Halloween: I will not recant
I find that interesting. A reformation led by university and seminary students.
Tomorrow is also Halloween. John Murchison, our children's pastor, posted a blog on our church website about his position on Halloween, which was not to take a position and let parents come to their own conclusion. His research was extensive, but I couldn't agree at all with what he was saying at several different points. John and I had a good talk about it. I love John, I am so thankful for how much he cares about the children in our church, how he battles for them. I have a lot of respect for him. But I totally think he is wrong on this.
Here are a few of the points he made that we disagree with.

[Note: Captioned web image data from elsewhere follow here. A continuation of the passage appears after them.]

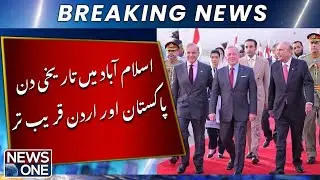 Historic Day in Islamabad &mdash; Pakistan & Jordan Closer | Breaking News | News One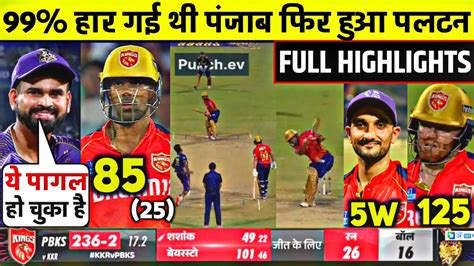 Kkr Vs Pbks Ipl 2024 42th Full Match Highlights • Kkr Vs Pbks 42th Ipl Match Highlights Youtube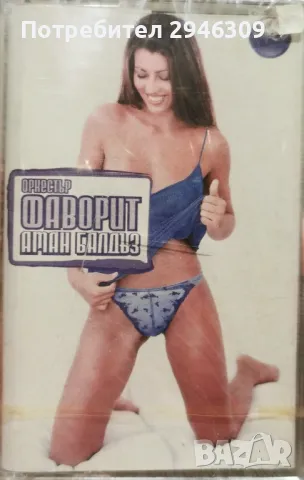 орк. Фаворит - Аман балдъз(2003)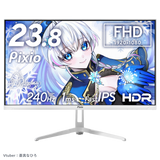 PX249 Wave / White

What is true that the Celts believed in otherworldly beings, including gods, giants, fairies, witches, elves, and monsters, and Samhain was seen as the time when the veil between the “otherworld,” as I am calling it, and our world was the weakest. Clearly, this is not in line with Christian belief. However, it is a big jump to go from saying that someone has a different religion and is in need of the light of Christ to saying that they are evil demon-worshipers. The Celts were not evil so much as they were non-Christian.
If the origin of Halloween is really Samhain, "the time when the veil between the 'otherworld' and our world is the weakest", there is no reason for us to celebrate it. You may not think allowing kids to trick or treat is celebrating communing with the otherworld. You may view it as purely cultural, not spiritual at all.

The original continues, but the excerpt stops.